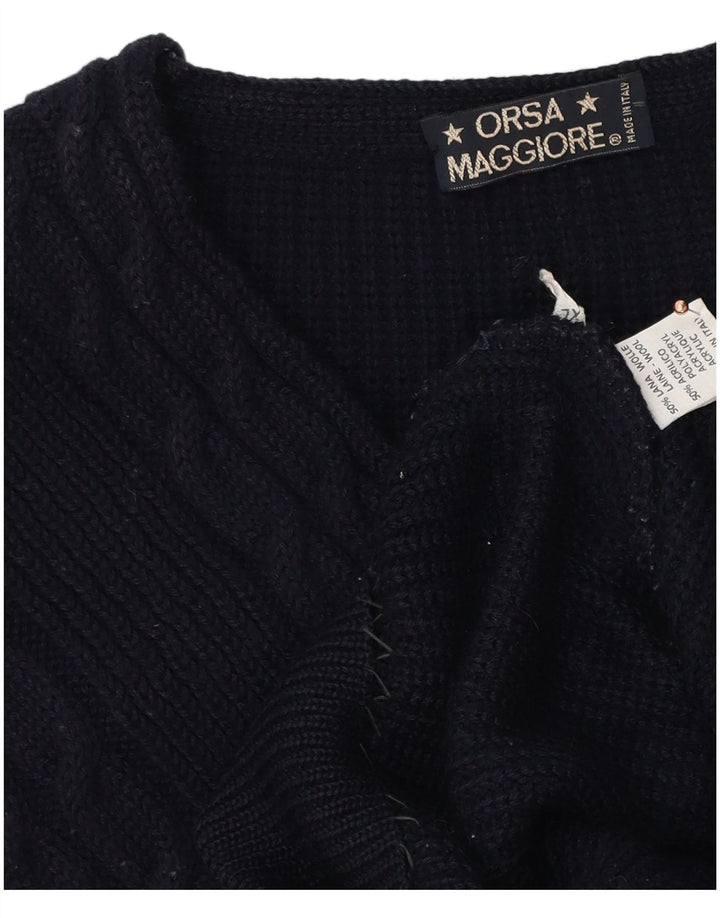 Maglione vintage da uomo con scollo a V XL in lana blu navy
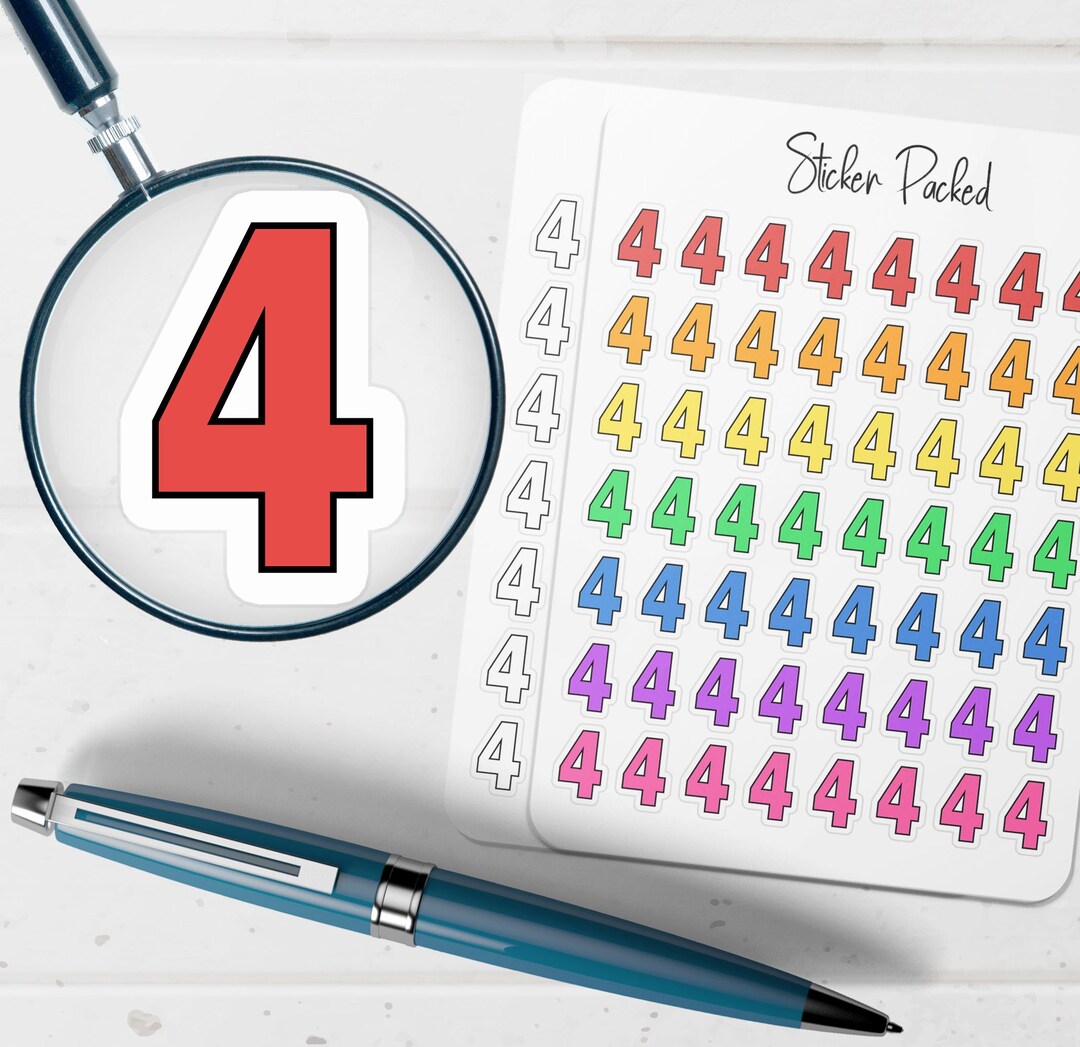 4th Number Sticker Number 4 Planner Sticker Number 4 Icon Sticker Number 4 Sticker - Etsy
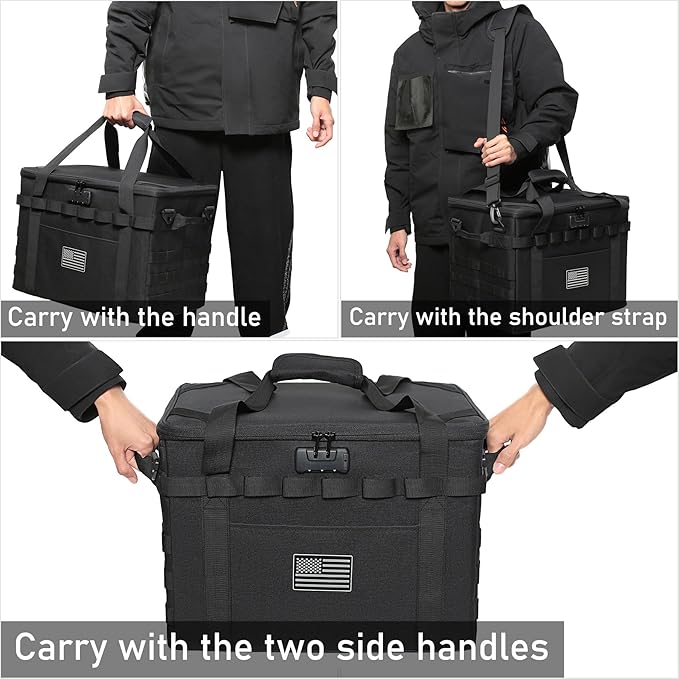 Tactical Camping Storage Bag - 38L Utility Tote Bag Organizer with Combination Lock and Shoulder Strap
┄┄┄┄┄┄
=== Aim of the task ===
Word for word, reproduce the material above and omit each image.

=== Task response ===
 Maglione vintage da uomo con scollo a V XL in lana blu navy
 4th Number Sticker Number 4 Planner Sticker Number 4 Icon Sticker Number 4 Sticker - Etsy
 Tactical Camping Storage Bag - 38L Utility Tote Bag Organizer with Combination Lock and Shoulder Strap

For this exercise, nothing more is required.